*** Opening of DATA SHOWN ***

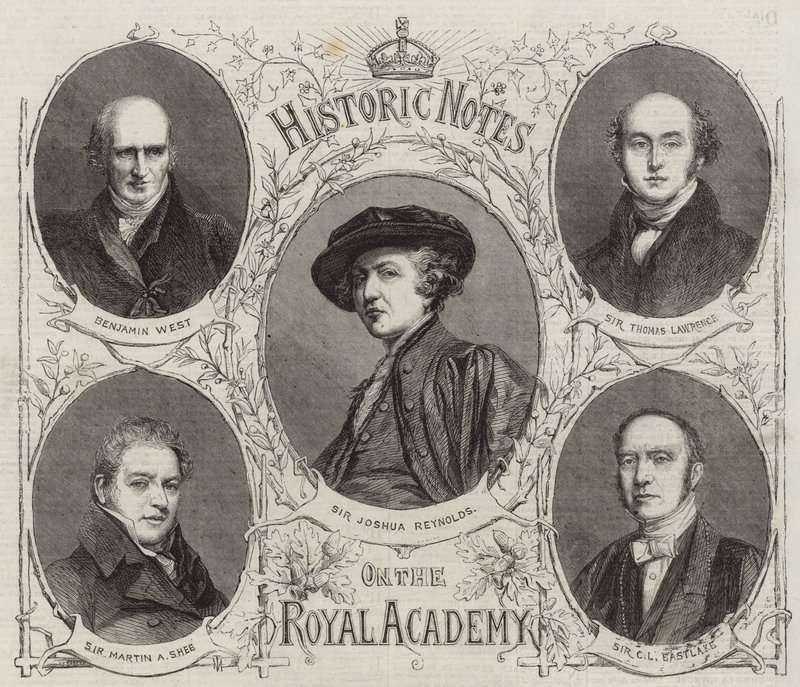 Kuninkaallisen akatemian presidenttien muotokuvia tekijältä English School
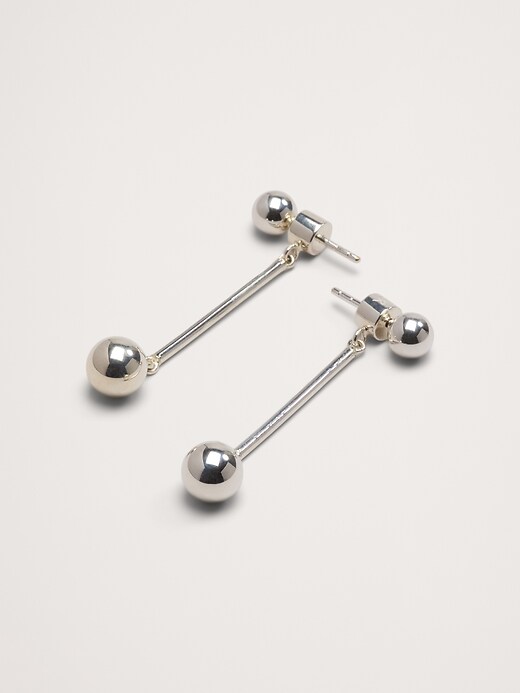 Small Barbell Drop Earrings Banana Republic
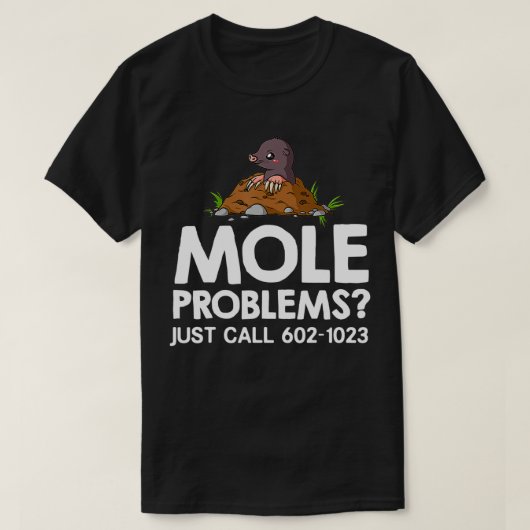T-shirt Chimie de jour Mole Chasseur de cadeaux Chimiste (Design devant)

*** Close of DATA SHOWN ***

TASK TO COMPLETE: Give the data again exactly, without pictures.

ANSWER AREA:
 Kuninkaallisen akatemian presidenttien muotokuvia tekijältä English School
 Small Barbell Drop Earrings Banana Republic
T-shirt Chimie de jour Mole Chasseur de cadeaux Chimiste (Design devant)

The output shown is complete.